L'expérience de cette sexualité conjugale complète présente de nombreuses facettes du plaisir. La simple satisfaction physique des sens est en fait accompagnée et enrichie par la satisfaction personnaliste des désirs beaucoup plus profonds et intenses que contient la sexualité, au lieu d'être viciée ou rendue amère par la frustration. En effet, lorsque l'on dénonce une frustration continuelle et grandissante comme conséquence principale de la contraception, cela se doit au fait que la mentalité contraceptive prive la force même de la pulsion sexuelle de son sens et de sa finalité authentiques, en prétendant ensuite trouver une expérience et une satisfaction sexuelles complètes dans ce qui est tout au plus un simple soulagement physique.
NOTES
[1] Le caractère original et singulier de la décision de se marier avec telle ou telle personne est ainsi réaffirmé lors de chaque acte conjugal.
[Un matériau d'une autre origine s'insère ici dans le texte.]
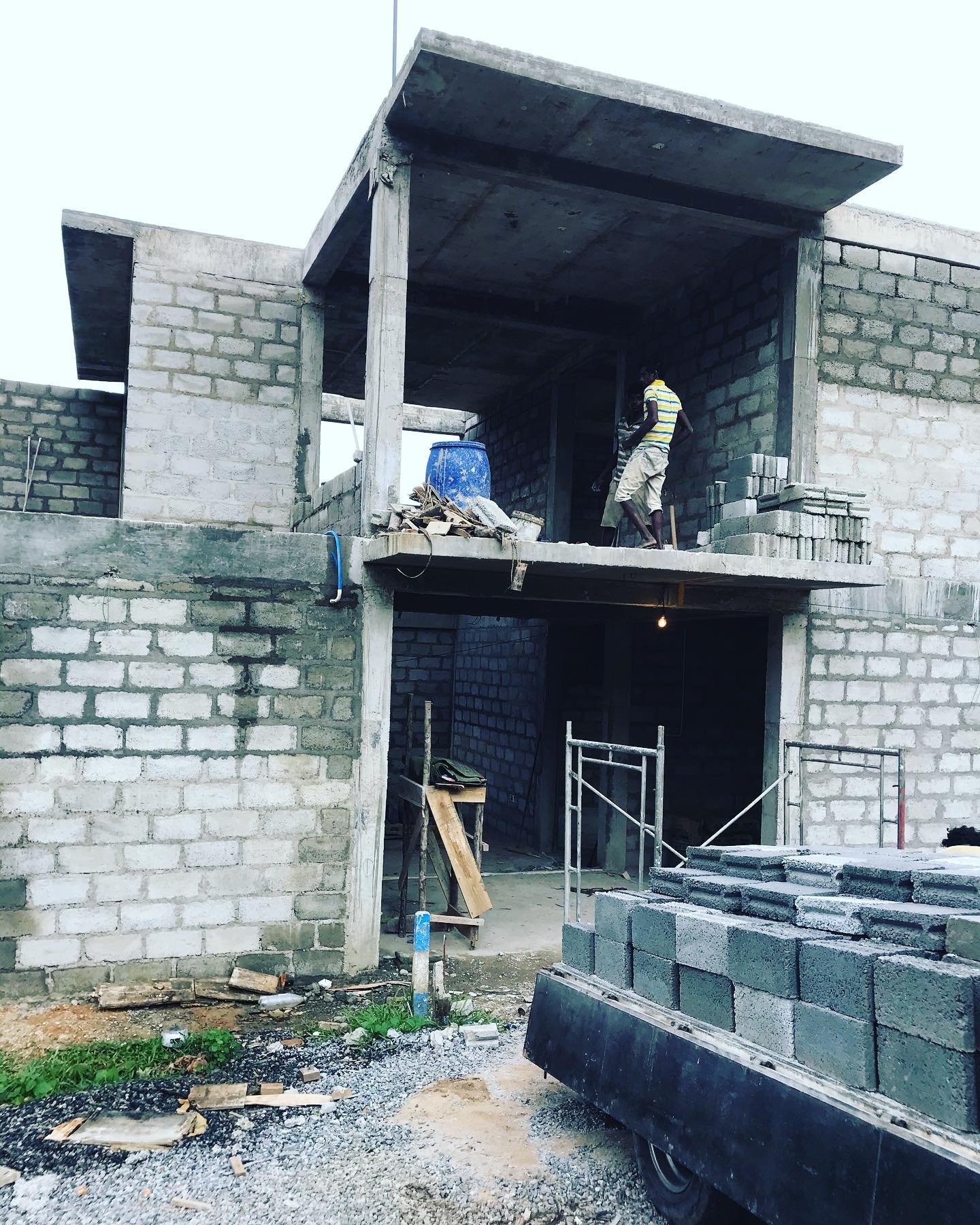 Other image 202509/building-material-supplier-in-matale-rattota-wedabima-aa6b8f5241.jpg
Dans tous et dans chacun des actes d'un véritable rapport sexuel, chaque conjoint est confirmé dans sa condition particulière de mari ou d'épouse.
[2] Comme chacun sait, "langage du corps" est l'une des expressions-clés des enseignements de Jean-Paul II sur la sexualité et sur le mariage.
[3] «La contraception contredit la vérité de l'amour conjugal» (Jean-Paul II, Discours, 17 septembre 1983).
[4] Cela est vrai aussi dans l'hypothèse où -pour quelque raison que ce soit- les époux ne peuvent pas avoir d'enfants. Dans ce cas, comme dans celui de la période où la femme est enceinte, leur union prend son sens le plus profond car aussi bien dans l'accomplissement de l'acte que dans l'intention qui les anime, les conjoints restent "ouverts à la vie", même si concrètement l'acte ne peut être à l'origine d'une vie nouvelle. Ce qui donne un sens et une dignité à l'acte conjugal est leur ouverture fondamentale à la vie. De manière analogue, l'absence de cette ouverture porte atteinte à la dignité et la valeur de l'acte dans le cas où les conjoints -sans qu'il y ait pour cela de motifs graves- ne le réalisent que dans des périodes infécondes.
[5] Bien entendu nous faisons abstraction de ces cas où il existe un secret (professionnel par exemple) qui -en vertu d'un devoir de justice à l'égard d'un tiers- doit être gardé, sans que cela cause un tort quelconque à l'unité du mariage.
[6] Si ce que chaque époux donne ou reçoit de l'autre dans l'acte contraceptif n'est pas la sexualité, de quoi s'agit-il donc? Dans le meilleur des cas il s'agira d'une forme d'amour séparé de la sexualité. Ou encore le simple plaisir, lui aussi dissocié de la sexualité. Dans un cas comme dans l'autre, les époux qui utilisent des contraceptifs se privent de la sexualité; c'est pourquoi leur couple souffre, car il n'est pas structuré dans une véritable relation sexuelle.